**Your instructions**
Copy out each line in the listing below where the word "sale" appears.

**Dataset content**
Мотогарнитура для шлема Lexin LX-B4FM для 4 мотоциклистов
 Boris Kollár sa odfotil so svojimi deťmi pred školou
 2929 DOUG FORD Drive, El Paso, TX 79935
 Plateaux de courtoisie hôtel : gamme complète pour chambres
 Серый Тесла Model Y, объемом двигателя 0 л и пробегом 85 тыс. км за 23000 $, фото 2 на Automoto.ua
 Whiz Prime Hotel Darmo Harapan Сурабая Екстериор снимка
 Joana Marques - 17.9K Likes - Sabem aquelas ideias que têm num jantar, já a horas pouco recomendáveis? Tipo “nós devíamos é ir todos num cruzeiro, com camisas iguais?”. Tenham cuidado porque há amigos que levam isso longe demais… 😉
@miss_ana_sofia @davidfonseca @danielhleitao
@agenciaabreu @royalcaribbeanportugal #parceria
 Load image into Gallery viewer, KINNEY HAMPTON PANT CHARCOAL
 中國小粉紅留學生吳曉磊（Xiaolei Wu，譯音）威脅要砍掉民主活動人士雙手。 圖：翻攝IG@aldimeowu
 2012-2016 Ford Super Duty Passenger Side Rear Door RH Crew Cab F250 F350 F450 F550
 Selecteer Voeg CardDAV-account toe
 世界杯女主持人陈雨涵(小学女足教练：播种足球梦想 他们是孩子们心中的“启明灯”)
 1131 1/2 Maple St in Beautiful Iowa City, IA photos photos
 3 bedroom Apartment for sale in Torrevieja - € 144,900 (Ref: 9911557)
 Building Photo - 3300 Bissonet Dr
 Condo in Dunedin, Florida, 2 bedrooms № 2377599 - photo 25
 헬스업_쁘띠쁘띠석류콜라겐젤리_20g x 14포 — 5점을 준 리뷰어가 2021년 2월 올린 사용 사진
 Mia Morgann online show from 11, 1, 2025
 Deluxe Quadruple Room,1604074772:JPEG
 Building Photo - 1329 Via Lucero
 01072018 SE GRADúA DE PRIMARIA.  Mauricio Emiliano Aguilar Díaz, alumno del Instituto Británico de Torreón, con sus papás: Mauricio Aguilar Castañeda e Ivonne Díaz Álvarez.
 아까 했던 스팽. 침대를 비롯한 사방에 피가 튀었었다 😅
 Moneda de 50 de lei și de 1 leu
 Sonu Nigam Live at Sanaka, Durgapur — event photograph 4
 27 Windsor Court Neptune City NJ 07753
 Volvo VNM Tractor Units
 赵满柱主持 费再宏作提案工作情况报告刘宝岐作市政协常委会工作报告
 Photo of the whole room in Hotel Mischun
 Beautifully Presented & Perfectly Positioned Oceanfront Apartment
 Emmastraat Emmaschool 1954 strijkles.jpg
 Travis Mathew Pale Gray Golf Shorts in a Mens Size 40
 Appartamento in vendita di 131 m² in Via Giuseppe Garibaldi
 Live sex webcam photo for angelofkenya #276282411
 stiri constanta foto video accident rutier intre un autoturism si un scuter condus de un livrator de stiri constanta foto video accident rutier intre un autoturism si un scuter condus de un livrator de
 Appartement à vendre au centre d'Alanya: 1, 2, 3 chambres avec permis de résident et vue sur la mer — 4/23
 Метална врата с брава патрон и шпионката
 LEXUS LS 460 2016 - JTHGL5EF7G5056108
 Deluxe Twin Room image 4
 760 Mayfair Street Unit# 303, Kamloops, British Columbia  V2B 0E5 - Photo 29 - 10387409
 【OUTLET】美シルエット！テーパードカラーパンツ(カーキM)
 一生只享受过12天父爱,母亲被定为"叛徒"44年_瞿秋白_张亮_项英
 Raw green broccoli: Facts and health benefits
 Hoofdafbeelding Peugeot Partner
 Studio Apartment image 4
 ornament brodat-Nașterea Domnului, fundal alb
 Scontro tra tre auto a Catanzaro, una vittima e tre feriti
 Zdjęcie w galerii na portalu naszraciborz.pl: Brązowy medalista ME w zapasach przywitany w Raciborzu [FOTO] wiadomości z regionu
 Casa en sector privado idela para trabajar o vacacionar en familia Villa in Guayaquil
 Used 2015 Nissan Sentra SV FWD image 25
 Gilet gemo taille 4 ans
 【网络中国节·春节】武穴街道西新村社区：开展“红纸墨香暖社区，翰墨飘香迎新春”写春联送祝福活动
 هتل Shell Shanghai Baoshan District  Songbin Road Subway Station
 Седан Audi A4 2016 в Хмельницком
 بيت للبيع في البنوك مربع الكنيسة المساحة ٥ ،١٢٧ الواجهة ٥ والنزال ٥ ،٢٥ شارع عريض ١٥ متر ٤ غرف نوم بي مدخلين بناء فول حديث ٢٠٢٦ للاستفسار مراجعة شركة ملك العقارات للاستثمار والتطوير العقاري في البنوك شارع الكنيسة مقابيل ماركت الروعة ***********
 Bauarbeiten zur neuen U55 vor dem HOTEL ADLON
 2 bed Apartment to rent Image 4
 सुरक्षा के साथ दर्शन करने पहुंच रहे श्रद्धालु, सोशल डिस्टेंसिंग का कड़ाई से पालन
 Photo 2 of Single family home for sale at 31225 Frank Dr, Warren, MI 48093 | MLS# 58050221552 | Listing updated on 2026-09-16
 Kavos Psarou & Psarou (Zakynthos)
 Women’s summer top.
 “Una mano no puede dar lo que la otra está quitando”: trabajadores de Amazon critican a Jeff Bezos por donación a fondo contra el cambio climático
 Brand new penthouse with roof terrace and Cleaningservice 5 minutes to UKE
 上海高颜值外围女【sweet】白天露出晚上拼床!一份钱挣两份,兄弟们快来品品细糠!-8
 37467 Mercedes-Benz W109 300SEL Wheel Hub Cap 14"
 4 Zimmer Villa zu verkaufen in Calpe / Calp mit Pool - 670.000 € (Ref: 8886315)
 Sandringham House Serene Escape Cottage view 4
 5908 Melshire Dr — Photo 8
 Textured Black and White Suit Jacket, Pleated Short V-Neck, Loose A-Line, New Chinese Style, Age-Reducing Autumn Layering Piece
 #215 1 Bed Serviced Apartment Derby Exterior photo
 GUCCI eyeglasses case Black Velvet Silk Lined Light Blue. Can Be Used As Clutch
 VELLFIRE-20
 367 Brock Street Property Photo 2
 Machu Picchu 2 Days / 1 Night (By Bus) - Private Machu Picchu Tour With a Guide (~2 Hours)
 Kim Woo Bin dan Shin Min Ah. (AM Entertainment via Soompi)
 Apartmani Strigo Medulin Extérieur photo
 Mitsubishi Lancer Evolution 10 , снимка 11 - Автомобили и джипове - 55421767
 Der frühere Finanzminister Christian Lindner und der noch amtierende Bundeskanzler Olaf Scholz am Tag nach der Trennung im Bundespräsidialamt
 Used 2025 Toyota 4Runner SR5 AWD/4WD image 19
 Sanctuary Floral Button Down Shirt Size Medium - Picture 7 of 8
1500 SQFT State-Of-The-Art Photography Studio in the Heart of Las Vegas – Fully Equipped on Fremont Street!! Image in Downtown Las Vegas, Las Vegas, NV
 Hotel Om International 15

**Response area**
 3 bedroom Apartment for sale in Torrevieja - € 144,900 (Ref: 9911557)
 Photo 2 of Single family home for sale at 31225 Frank Dr, Warren, MI 48093 | MLS# 58050221552 | Listing updated on 2026-09-16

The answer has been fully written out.